Schmitt trigger devices can be used in open loop configurations to remove noise from signals used in digital circuits, for example, to eliminate signal noise caused by mechanical switch bounce. Closed loop configurations can also use Schmitt trigger devices, such as oscillators, used in function generators and switching power supplies.
Schmitt triggers can be non-inverting or inverting. In non-inverting Schmitt triggers, the output transitions to a higher value when the input increases past the threshold voltage. In inverting Schmitt triggers, the output transitions to a lower value when the input increases past the threshold voltage.
FIGS. 1A-1B illustrate a schematic behavior of a prior art non-inverting Schmitt trigger circuit. FIG. 1A shows a Schmitt trigger circuit 100, including an operational amplifier 110 and resistors R1 and R2. The positive feedback provided by these resistors creates a hysteresis controlled by the proportion between R1 and R2. Since the operational amplifier 110 has a differential input, the inverting input is grounded to make the reference point zero volts.
FIG. 1B shows a response function of the non-inverting Schmitt trigger circuit 100, which shows the output voltage Vout as a function of the input voltage Vin. When the input voltage Vin is above the high threshold T or below the low threshold −T, the output voltage has the same sign as the circuit input voltage, e.g., the output voltage is M or −M, respectively. When the circuit input voltage is between the thresholds −T and T, the output voltage Vout depends on the last state, e.g., Vout is M if previously Vin>T and Vout is −M if previously Vin<−T. For inverting Schmitt triggers, the behavior is reverse.
A comparator circuit can compare two input voltages or currents and outputs a digital signal indicating which is larger. Thus a comparator circuit can include two analog inputs, e.g., Vin and Vref, and one binary digital output Vout.

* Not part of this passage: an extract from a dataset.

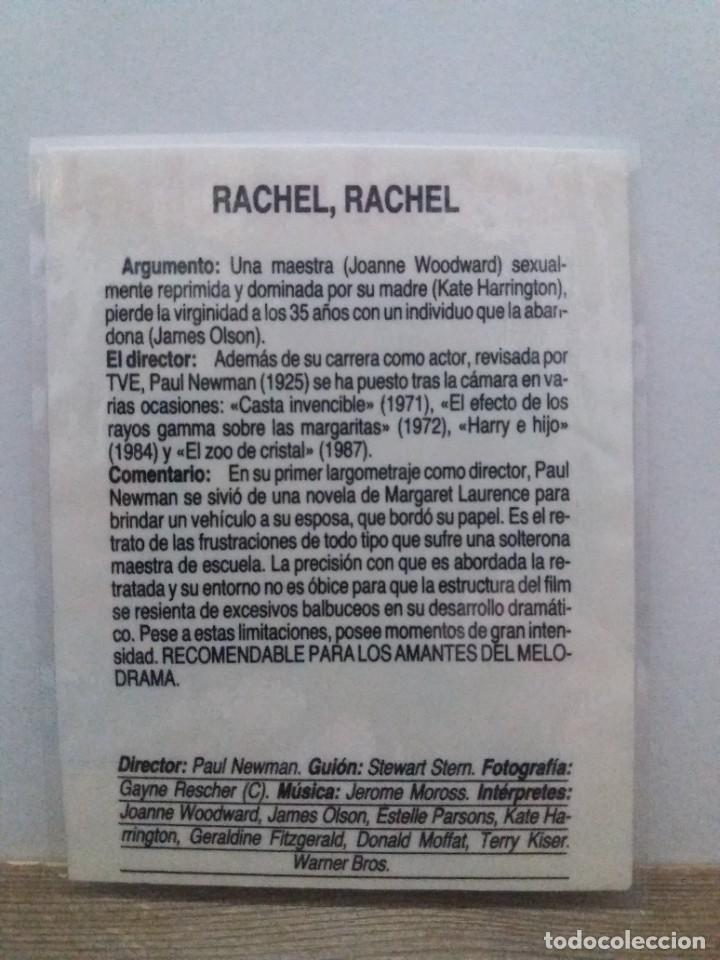 Cine: Rachel Rachel - Foto 2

If Vin is greater than Vref, Vout is positive. If Vin is smaller than Vref, Vout is zero. A comparator circuit can be used in analog-to-digital converters (ADCs) and oscillators.
FIGS. 9A-9B illustrate a schematic behavior of a prior art comparator circuit. FIG. 9A shows a comparator circuit 900, including an operational amplifier 910 and optional resistor R. The differential input of the operational amplifier 910 can be used to provide the comparison between the input voltage Vin and the reference voltage Vref.
FIG. 9B shows a response function of the comparator circuit 900, which shows the output voltage Vout as a function of the input voltage Vin. When the input voltage Vin is larger than the reference voltage Vref, the output voltage is M. When the circuit input voltage is smaller than the reference voltage Vref, the output voltage Vout is zero.
The Schmitt trigger circuit and the comparator circuit are implemented using transistor based logic components, which can have issues related to the transistor devices. Therefore, there is a need for Schmitt trigger and the comparator circuits that can meet the design criteria for advanced devices.